Brief: The answer is one number: how many lines in the data below hold "Campbell".

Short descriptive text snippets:
::::
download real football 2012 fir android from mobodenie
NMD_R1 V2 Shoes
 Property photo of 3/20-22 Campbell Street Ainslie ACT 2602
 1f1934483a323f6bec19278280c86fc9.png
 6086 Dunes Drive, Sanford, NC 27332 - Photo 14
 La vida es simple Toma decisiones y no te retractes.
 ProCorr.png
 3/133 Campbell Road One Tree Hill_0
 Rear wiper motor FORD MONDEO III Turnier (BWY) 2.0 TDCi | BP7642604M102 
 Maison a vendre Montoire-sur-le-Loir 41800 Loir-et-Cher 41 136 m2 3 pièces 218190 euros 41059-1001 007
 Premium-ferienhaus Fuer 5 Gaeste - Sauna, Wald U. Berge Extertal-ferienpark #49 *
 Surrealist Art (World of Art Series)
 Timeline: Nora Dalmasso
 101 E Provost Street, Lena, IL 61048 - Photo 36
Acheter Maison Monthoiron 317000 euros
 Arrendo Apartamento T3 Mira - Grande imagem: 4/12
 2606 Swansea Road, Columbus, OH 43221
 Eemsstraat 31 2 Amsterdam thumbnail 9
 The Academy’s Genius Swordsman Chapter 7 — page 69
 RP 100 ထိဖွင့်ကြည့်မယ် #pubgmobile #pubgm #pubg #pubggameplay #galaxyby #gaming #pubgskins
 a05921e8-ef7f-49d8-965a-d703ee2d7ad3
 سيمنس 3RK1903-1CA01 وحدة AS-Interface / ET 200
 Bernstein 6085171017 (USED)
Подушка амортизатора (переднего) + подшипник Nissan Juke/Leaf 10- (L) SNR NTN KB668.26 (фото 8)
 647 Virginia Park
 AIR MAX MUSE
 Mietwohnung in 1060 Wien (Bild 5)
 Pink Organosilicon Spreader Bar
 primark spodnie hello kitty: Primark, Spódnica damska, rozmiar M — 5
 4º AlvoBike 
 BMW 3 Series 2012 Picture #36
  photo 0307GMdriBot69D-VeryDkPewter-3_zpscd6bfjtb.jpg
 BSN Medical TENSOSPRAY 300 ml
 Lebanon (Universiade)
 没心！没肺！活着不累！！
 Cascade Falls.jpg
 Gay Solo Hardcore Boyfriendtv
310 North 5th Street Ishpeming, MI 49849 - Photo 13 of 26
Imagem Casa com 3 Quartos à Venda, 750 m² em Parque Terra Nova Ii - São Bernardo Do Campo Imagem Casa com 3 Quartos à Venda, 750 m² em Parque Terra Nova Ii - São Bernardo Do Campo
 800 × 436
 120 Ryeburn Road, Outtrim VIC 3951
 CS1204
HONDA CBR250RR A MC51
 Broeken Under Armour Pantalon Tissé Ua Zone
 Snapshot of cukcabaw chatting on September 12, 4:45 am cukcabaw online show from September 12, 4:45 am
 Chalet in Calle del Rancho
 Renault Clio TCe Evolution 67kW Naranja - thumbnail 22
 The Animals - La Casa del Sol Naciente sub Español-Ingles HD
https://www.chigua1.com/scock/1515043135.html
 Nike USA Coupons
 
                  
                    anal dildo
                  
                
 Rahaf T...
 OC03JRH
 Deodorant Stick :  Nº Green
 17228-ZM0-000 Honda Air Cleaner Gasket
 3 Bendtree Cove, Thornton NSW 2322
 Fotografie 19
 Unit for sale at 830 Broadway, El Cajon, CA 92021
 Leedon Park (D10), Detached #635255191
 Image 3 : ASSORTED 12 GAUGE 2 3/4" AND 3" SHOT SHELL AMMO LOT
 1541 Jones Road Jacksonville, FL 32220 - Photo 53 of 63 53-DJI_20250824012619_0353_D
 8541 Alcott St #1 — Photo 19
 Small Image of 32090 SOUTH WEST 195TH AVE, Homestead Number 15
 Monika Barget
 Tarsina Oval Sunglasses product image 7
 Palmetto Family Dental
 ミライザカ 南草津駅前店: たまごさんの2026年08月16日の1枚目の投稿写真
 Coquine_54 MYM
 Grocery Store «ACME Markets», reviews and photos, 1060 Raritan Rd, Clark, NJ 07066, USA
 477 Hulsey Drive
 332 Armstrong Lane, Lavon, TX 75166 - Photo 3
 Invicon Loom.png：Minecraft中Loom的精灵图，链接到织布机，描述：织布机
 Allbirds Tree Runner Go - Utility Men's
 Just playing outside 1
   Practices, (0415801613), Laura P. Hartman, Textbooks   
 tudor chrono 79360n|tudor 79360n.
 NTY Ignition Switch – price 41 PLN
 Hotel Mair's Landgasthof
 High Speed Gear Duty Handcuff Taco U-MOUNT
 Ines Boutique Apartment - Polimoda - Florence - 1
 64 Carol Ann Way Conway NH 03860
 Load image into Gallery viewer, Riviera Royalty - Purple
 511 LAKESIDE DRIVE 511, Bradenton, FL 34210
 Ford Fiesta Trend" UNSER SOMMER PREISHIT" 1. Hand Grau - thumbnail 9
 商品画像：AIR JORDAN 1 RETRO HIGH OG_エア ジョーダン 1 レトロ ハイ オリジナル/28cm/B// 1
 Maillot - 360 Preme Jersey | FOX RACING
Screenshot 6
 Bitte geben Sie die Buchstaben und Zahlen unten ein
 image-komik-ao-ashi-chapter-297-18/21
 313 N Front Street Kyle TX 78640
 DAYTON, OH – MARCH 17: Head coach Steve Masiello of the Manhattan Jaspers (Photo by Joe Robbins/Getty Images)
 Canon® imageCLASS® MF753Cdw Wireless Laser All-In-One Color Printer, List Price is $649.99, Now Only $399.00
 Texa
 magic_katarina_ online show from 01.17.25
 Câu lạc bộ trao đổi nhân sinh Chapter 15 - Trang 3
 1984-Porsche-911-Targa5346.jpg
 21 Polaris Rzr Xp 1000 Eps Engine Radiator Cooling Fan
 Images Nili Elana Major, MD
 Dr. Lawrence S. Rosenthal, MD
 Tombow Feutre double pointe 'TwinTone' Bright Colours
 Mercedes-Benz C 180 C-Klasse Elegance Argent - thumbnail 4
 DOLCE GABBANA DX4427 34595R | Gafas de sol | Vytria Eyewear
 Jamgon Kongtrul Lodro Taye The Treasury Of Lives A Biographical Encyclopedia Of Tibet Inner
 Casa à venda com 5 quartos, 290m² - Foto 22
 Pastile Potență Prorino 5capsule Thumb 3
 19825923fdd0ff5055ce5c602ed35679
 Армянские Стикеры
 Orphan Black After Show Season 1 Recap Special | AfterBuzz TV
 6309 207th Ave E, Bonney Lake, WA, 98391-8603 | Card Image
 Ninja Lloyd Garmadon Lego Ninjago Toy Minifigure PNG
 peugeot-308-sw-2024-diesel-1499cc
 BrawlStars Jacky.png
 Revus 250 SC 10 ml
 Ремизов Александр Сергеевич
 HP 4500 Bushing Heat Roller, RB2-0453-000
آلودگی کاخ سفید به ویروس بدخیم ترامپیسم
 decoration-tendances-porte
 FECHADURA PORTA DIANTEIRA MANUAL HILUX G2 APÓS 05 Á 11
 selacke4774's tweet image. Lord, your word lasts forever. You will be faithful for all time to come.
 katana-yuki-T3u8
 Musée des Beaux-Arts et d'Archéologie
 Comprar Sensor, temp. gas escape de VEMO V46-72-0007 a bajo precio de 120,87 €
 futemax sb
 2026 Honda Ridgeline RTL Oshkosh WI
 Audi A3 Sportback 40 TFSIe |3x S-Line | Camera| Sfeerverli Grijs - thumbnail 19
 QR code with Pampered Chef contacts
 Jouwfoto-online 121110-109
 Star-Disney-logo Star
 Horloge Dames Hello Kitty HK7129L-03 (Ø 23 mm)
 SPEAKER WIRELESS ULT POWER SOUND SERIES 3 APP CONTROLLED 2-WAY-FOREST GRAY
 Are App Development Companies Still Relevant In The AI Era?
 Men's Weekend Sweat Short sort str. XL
::::
Task solution: 2